LA VENDETTA Tutto quello che ha fatto, in quell’ora di ordinaria follia, Olivieri lo riconduce alla vendetta. Vendetta per la morte del fratello Mario, ucciso nel 1997, per il quale riteneva responsabili (rispettivamente in qualità di partecipe e mandante) Valerioti e la Mollese, che a sua volta avrebbe addebitato a suo fratello – sempre stando al suo racconto – l’omicidio di suo figlio Ignazio Gaglianò, avvenuto nel 1995. Quest’ultimo, a detta di Olivieri – la cui famiglia avrebbe dei legami di parentela con un boss dei Mancuso – sarebbe stato «importatore di droga dalla Colombia», mentre l’assassinio di Francesco Timpano (fratello di Vincenzo) «doveva servire ad impedirgli a parlare di cose illecite con soggetti esponenti di altri ambienti criminali (tutti particolari non meglio specificati)».
«È UNA VITA CHE LI CONTROLLO» «È una vita che li controllo, li seguo, vedo dove abitano…», dice il killer nell’interrogatorio, aggiungendo di «aver lasciato in vita solo il marito della Mollese poiché unico a poter confermare la sua versione circa la trama ordita ai danni del fratello Mario».
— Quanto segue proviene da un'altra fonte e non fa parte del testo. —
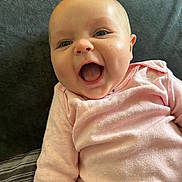 Margret Rellos is registered to the contest to win money with this photo: baby, infant, smiling, laughing, pink_clothing, cushion, blanket, indoor, face, happy, child, cute, person, portrait, head, skin, mouth_open, eyes, cheeks, sleepwear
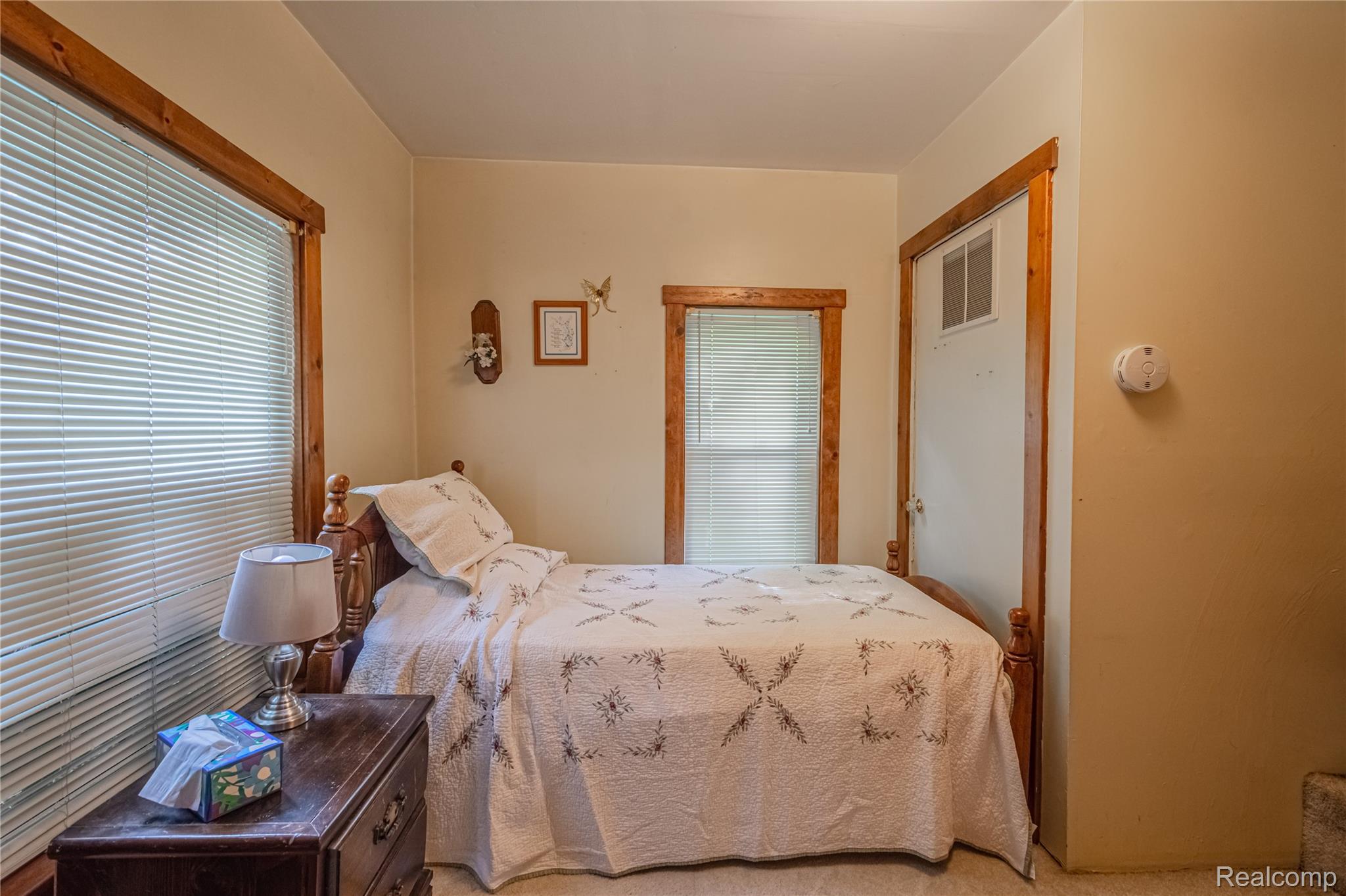 8384 Imlay City Road Avoca, MI 48006 - Photo 31 of 39 Carpeted room with a wooden bed frame, two windows with blinds, wood-finish trim, and neutral-toned walls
I suoi obiettivi, stando al racconto che lui stesso fornisce agli inquirenti, non erano solo le tre persone contro cui ha sparato venerdì. Quel giorno si muoveva armato di un fucile doppietta e di 30 cartucce «che via via caricava nell’arma». A bordo di una Fiat Panda presa a noleggio – che sarebbe stata ritrovata bruciata poche ore prima della fine della sua fuga – cercava innanzitutto Francesco Timpano ma, non trovandolo, «si recava nell’autolavaggio dove si trovava l’auto del figlio» con l’intenzione di danneggiarla a fucilate «per dispetto». Il titolare dell’autolavaggio lo ha però convinto a lasciar perdere, così è andato a casa di Francesco Timpano sparando sia contro l’abitazione che contro la sua auto. Il killer poi ammette di non aver freddato Pantaleone Timpano, nascosto nel bar in cui ha aperto il fuoco a Limbadi, perché non era sicuro che appartenesse alla famiglia che aveva preso di mira. Quindi è andato a casa di Valerioti – nella quale è entrato con un pretesto comunicato alla moglie della vittima – e ha sparato i primi due colpi contro il 68enne, che è stato poi “finito” con altre due fucilate sul balcone. Un’esecuzione che avrebbe dato al killer «massima soddisfazione». Nel giro di pochi minuti era già a casa della Mollese, uccisa con altri due colpi di fucile.
LA SCIA DI TERRORE In questa scia di sangue Olivieri avrebbe anche sparato contro una pizzeria di un nipote della donna uccisa poco prima. Ma anche contro un negozio di abbigliamento il cui proprietario era «antipatico», contro l’auto di un’altra persona che teneva «in disordine» lo spiazzo davanti alla sua abitazione e parcheggiava «in malo modo» l’auto. E ancora, nei suoi piani, Olivieri avrebbe voluto uccidere un medico «“reo” di non aver curato bene il fratello Alessandro» ma avrebbe desistito perché «ormai c’era troppo movimento in giro». A suo dire doveva morire anche un altro uomo che riteneva avesse partecipato all’imboscata in cui è stato ucciso il fratello Mario, e un’altra persona «di spessore» di cui non ha rivelato il nome ma che sapeva «con soddisfazione» essere già gravemente malata. Infine un’altra persona ancora, di altrettanto “spessore”, che a suo dire in passato lo aveva accusato ingiustamente di un furto rompendogli anche un dito.
Se solo avesse avuto più soldi per comprare un’arma automatica e pianificare meglio la sua vendetta – afferma Olivieri nell’interrogatorio – «li avrebbe uccisi tutti».